Friday, January 16th, 2015
We have been considering the issue of DNS servers that we use in our VPN servers and thank all users who have provided valuable feedback to us. DNS servers translate the easy to remember word addresses (such as bolehvpn.net) into IP addresses which is a bunch of numbers. Previously we used the default DNS servers that were provided by each server provider’s ISP but due to some unreliability, we then moved to Google’s DNS servers (which wipes its logs every few days) and then we dabbled for a while with OpenNIC’s no log servers. OpenNIC’s servers being hosted independently kept on going down and so we reverted to Google and/or OpenDNS.
Is there a a Problem?
Even using this setup, an ISP cannot see what you’re surfing as all queries are going through the encrypted tunnel. However the administrator running the DNS server (Google or OpenDNS) is able to capture some info which are the following:
- Our VPN server’s IP
- The time of the DNS query
- The destination address of the query
For example if you were trying to access minecraft.com through your internet browser while on our VPN, the DNS server admin would be able to know that our VPN server made a query to minecraft.com at a certain time. Besides that, no other information about the end user is given out and you also have plausible deniability as many users use a server at one time. Therefore although your ISP does not know what you’re doing if someone is very determined in trying to unmask your identity and has the legal resources to do it, they theoretically can get the DNS server admin to help narrow down their search. It’s still a long way to go to unmasking your identity since they would be unable to identify which user within the VPN server at that time but assuming the site you visit is very unique and they have other information tying to you accessing such a site (for example if they have seized your computer) it is further evidence that can be used against you. Yes, this is quite an extreme situation and for the average user, it isn’t important but we realized that if we can take steps to improve the privacy of our customers, we should.
How BolehVPN is Improving
Many other VPN providers also use Google DNS or OpenDNS or their server provider’s own DNS but we are taking the step of hosting our own DNS servers so that none of your information goes to third parties you may not trust. Meaning, any potential identifying data is only kept within BolehVPN and not to any other third party provider. Also, any DNS leak test would also not show our company’s name but the original server provider’s one which further doesn’t reveal that you’re using a VPN.

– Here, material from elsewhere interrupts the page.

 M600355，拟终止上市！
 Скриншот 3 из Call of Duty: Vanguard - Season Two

These changes are not trivial as we do have to properly secure these DNS servers and ensure they can handle any loads thrown at it but we are already deploying this on a few of our servers to test performance and will be rolling out these changes over the coming weeks and will post an announcement once it’s completed.. We don’t forsee any major difficulties with this.

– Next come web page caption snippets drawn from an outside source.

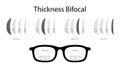 Set of Thickness bifocal types of lens glasses - frame medical fashion accessory illustration. Sunglass silhouette style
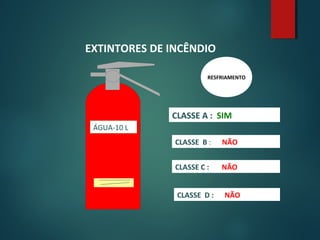 EXTINTORES DE INCÊNDIO
ÁGUA-10 L
CLASSE A : SIM
CLASSE B : NÃO
CLASSE C : NÃO
CLASSE D : NÃO
RESFRIAMENTO
 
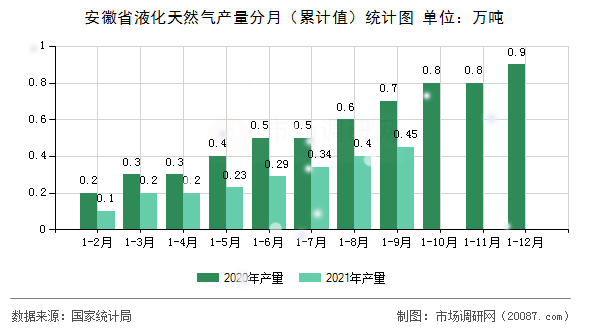 安徽省液化天然气产量分月（累计值）统计图
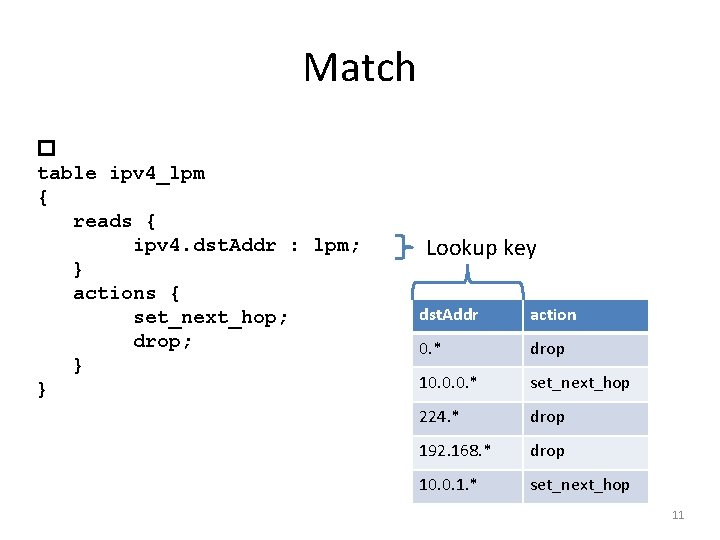 Match � table ipv 4_lpm { reads { ipv 4. dst. Addr : lpm;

Also for those asking why don’t we use DNSCrypt, it doesn’t really add any advantage to the way we are setting it up. You are still free to use DNSCrypt independently if you prefer to continue using that.
What Do You Need to Do?
Nothing, the changes will roll out and you may experience a very brief disconnection and upon re-establishing of the connection, the new DNS servers will be pushed to you unless you chose to specify them manually. Do feel free to share your opinions and comments!